本誌44号「フラットフッティング」の項でも述べているが、「山では、『歩幅を小さくゆっくり歩く』のが基本である。歩幅を小さくゆっくり足を運ぶと、疲労は少なくて済む。
歩く=前に進むということは、後ろ足から前足へと体重を移動してゆくことにほかならない。街中では道が平らだから、なんの疑問も頭によぎることなく、歩いていける。しかし道が登坂になり急坂になると、一歩足を前に出したはいいものの、体重は後足に残ったままで、前足に移動してはくれない。歩行はストップしてしまう。

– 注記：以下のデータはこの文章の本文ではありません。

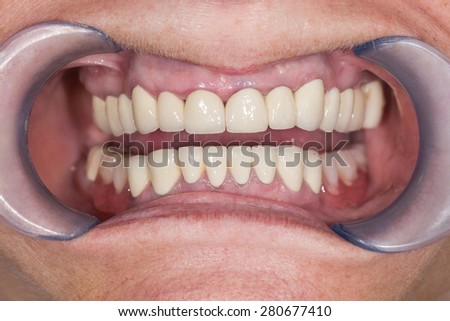 teeth in the mouth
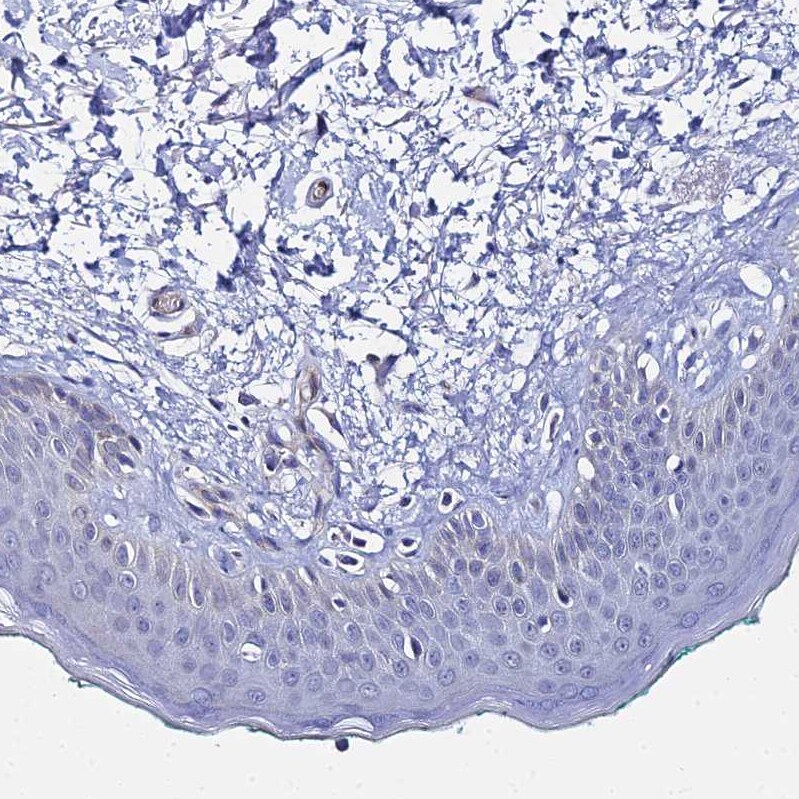 ARP10 Antibody - BSA Free Immunohistochemistry: ARP10 Antibody - BSA Free [NBP1-91682]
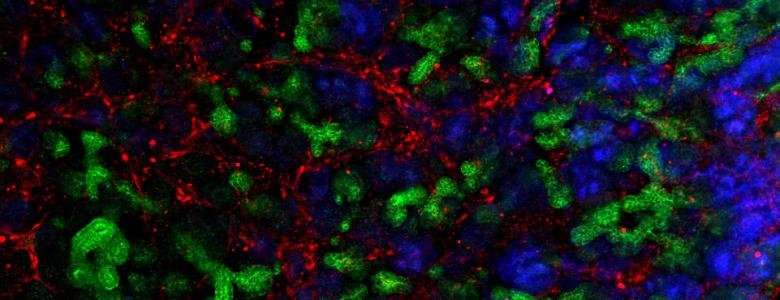 Researchers move one step closer towards functioning kidney tissue from stem cells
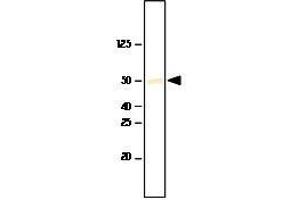 Recombinant SET7/9 was resolved by electrophoresis, transferred to PVDF membrane and probed with anti-SET7/9(1:1,000). (SET7/9 antibody  (AA 1-366))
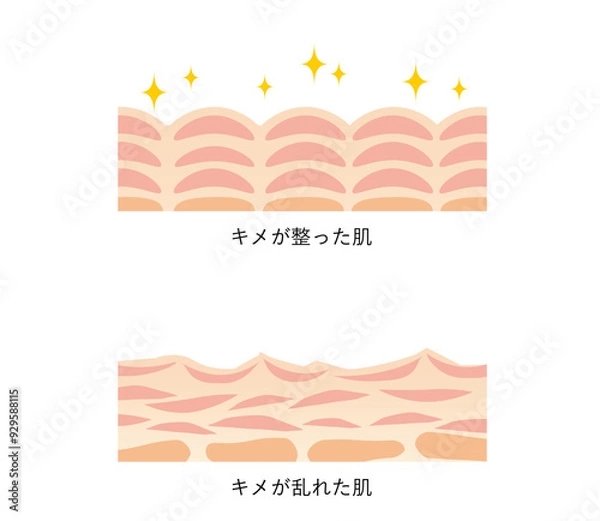 Obraz 図版_肌図版_001_整った肌と乱れた肌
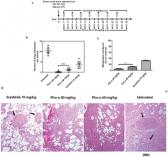 Anti-Angiogenic and Anti-Metastatic Activity of Synthetic Phosphoethanolamine
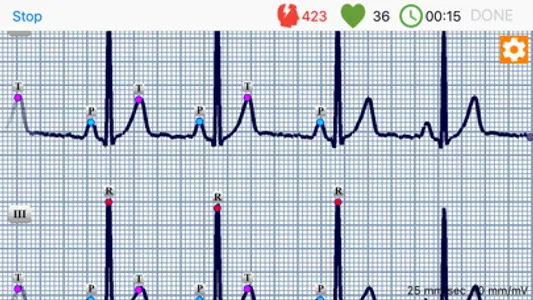 ECG Dongle screenshot 2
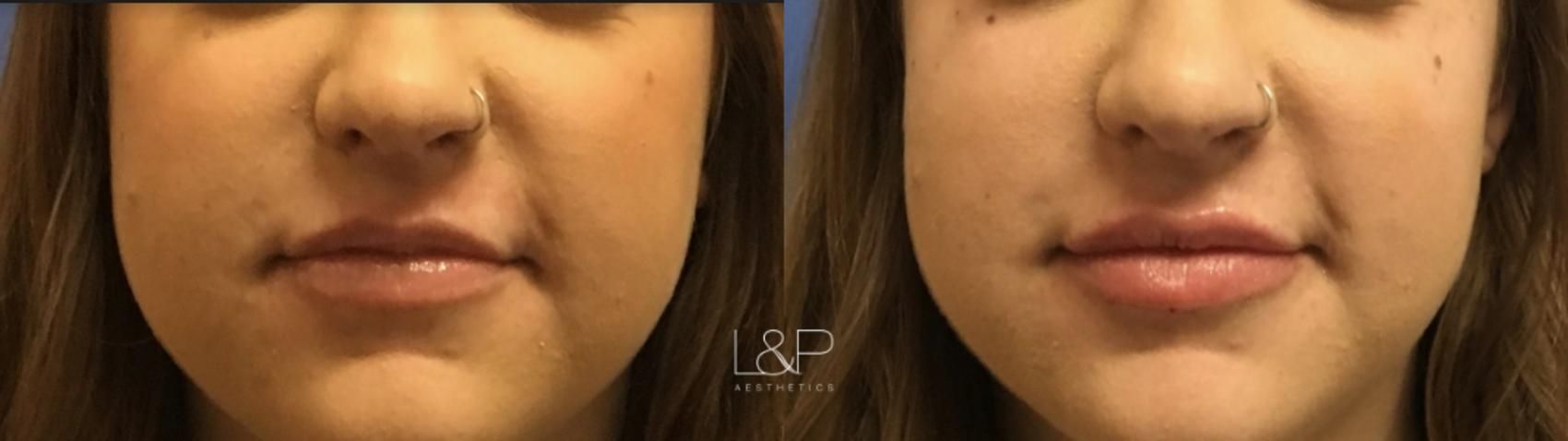 Lip Augmentation before and after treatment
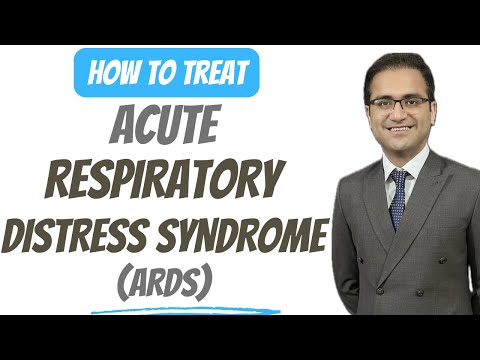 Acute Respirtory Distress Syndrome (ARDS) Treatment, Pathophysiology, Medicine Lecture USMLE NeetPg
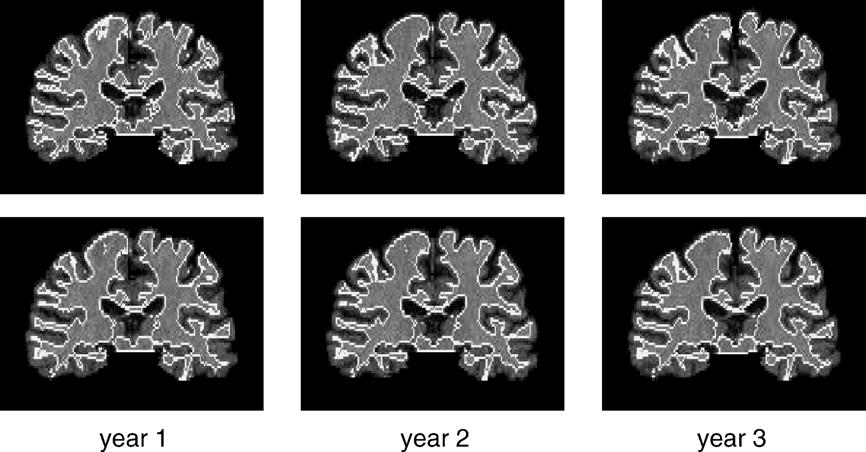 396 Z. Xue et al. / NeuroImage 30 (2006) 388 399 Fig. 11. An example of segmentation results for a series of three MR brain images.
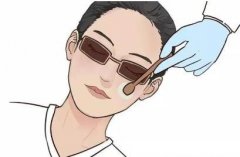 激光黑眼圈后的恢復(fù)期長嗎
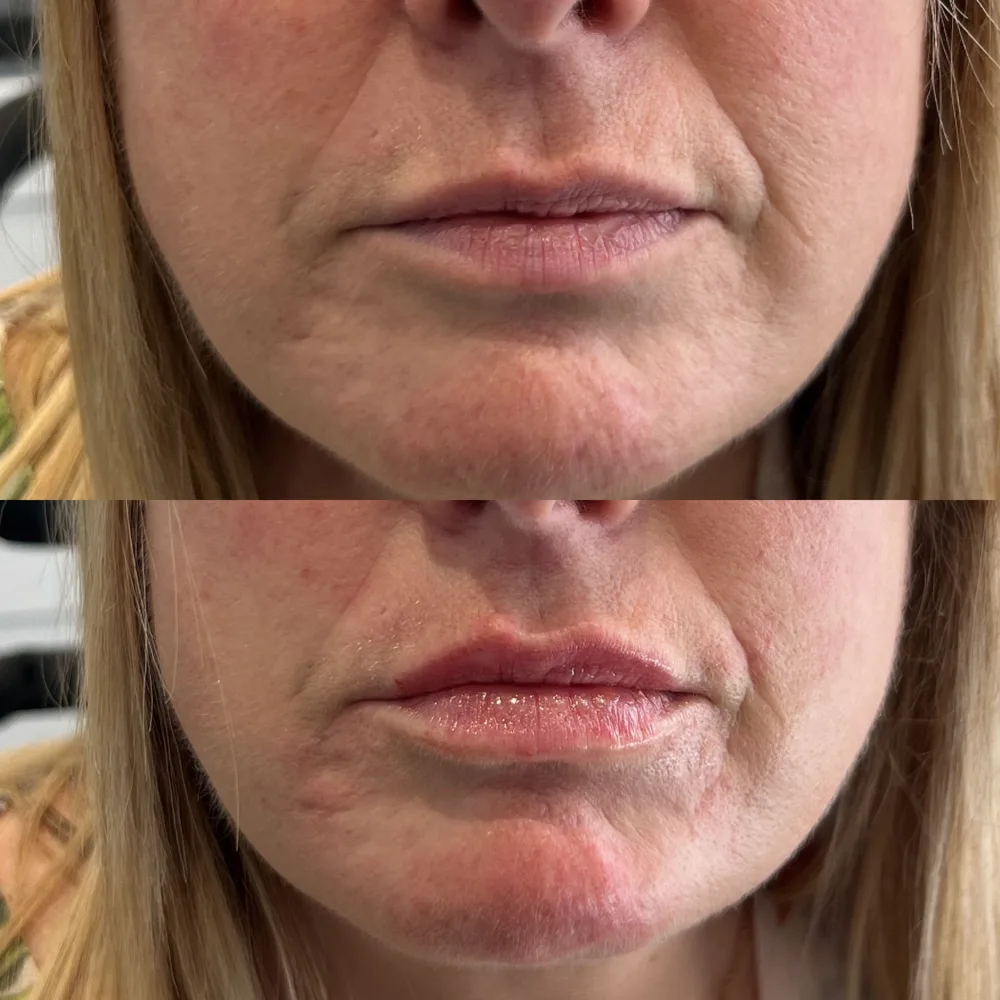 Natural lip volume — before and after, real Cosmetic Medicine patient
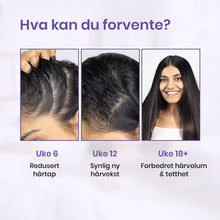 Load image into Gallery viewer, Avansert hårvekst roll-on serum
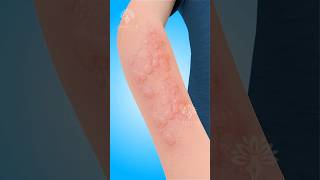 Hives What Happens Inside Your Body 😮 shorts urticaria  Creativelearning3d [upl. by Ornstead13]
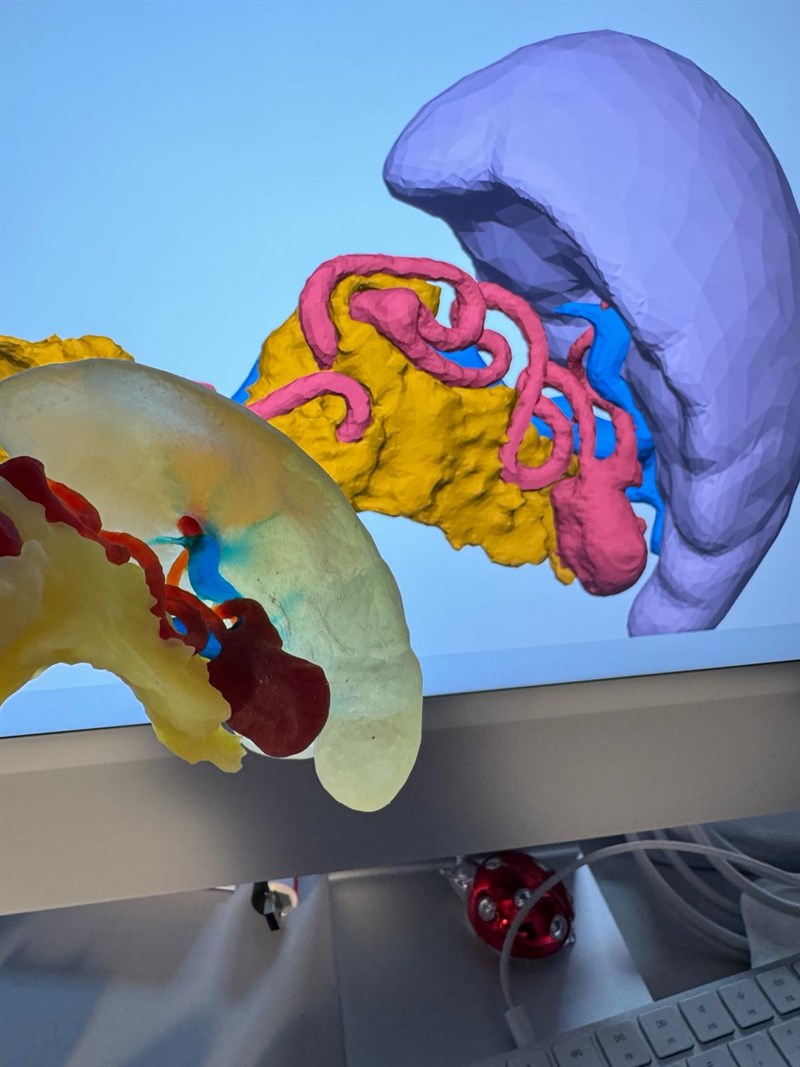 Parte della stampa £d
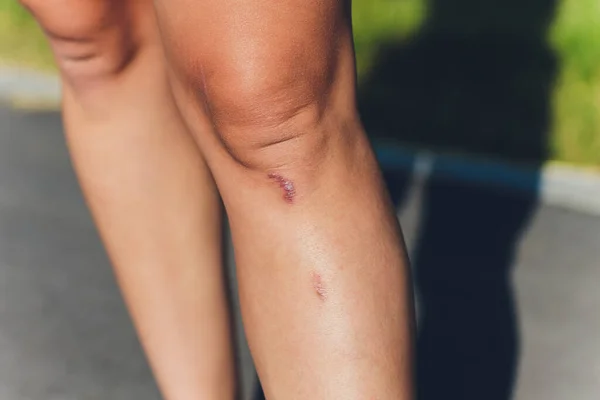 Primer plano de la rodilla femenina con una cicatriz . —  Fotos de Stock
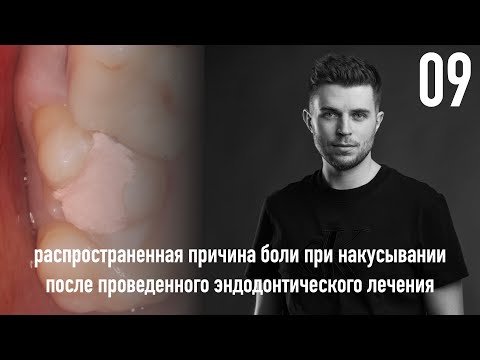 Видео: Уроки эндодонтии. Распространенная причина боли при накусывании после проведенного лечения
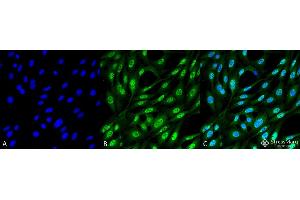 Immunocytochemistry/Immunofluorescence analysis using Mouse Anti-Ubiquitin Monoclonal Antibody, Clone FK2 . (Ubiquitin antibody  (PerCP))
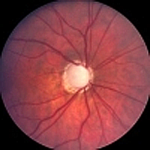 Retina scan
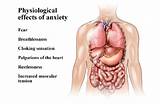 Pictures of Severe Anxiety Disorder Treatment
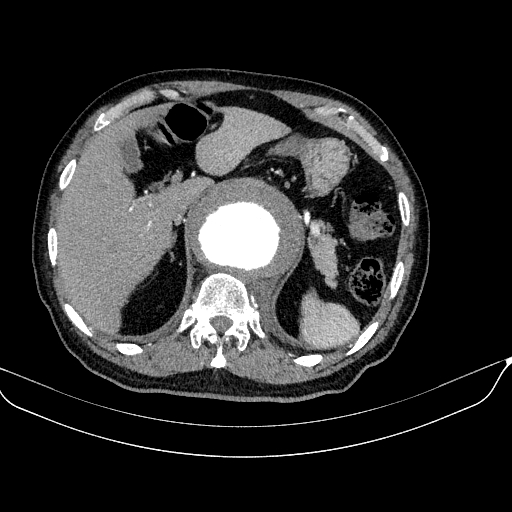 File:Abdominal aortic aneurysm (Radiopaedia 67117-76452 Axial C+ arterial phase 32).jpg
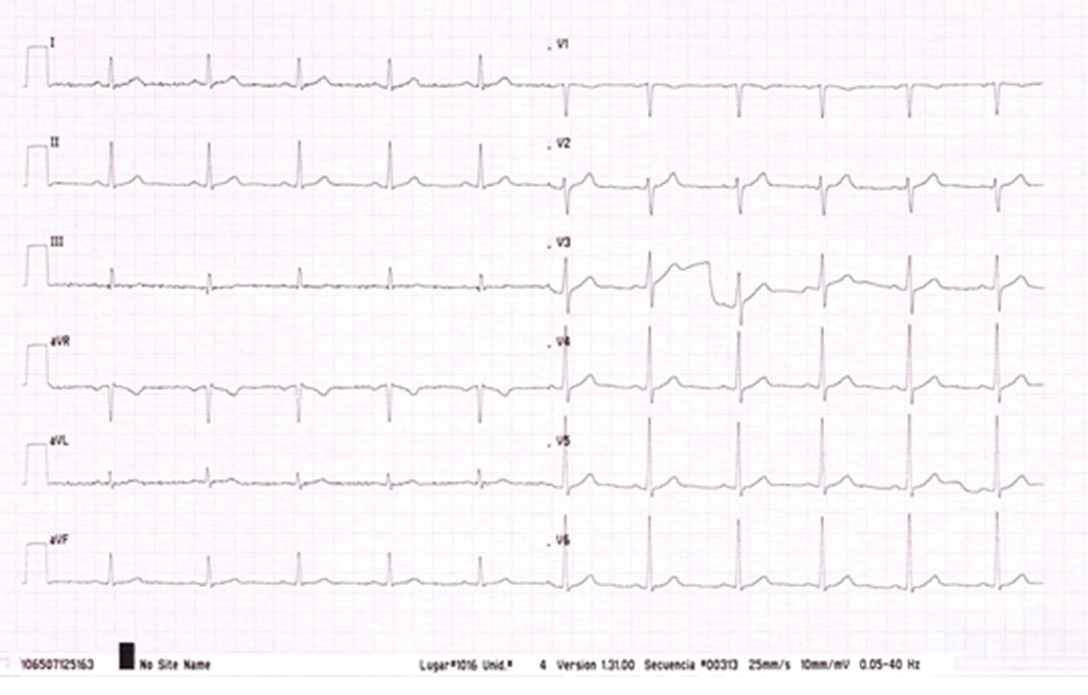 El siguiente ECG, tomado de un reconocimiento de rutina, le parece alarmante porque...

この時、体重を前足に移動させるには、ヨイシャと身体を振り込んでやらなければならない。これを何回も繰り返したら、たちまち体力は消耗する。歩幅が広いとその分、そこに用意される段差は大きくなるから、体重を移動させるために消耗する体力も大きくなる。日常の歩行ではまったく意識していなかった歩幅に、意識を働かせざるを得なくなる。一歩踏み出してできる段差を小さくし、体力の消耗を防ぐには、歩幅を小さくするしかない。
無造作に足(靴)を出すと、個人差はあるが、前足のカカトと後足のつま先の間は、靴一足分くらいの開きが出る。このひらきが段差をつくり、体力消耗の要因となるので、無造作に足を出さないこと、意識した足運びを忘れてはいけないことを知る。前に出した靴のカカトは、後足の靴のつま先に重なるくらいの位置に踏み下ろしてやるといい。歩幅が小さくなればなるほど、次なる課題の段差は小さくなるので、体重はスムースに移動するという寸法だ。
足(靴)を前に出したとき、体重が後足に残らず、スムースに前足に移動する、それくらいの歩幅で足を運ぶことが、山でバテないポイントである。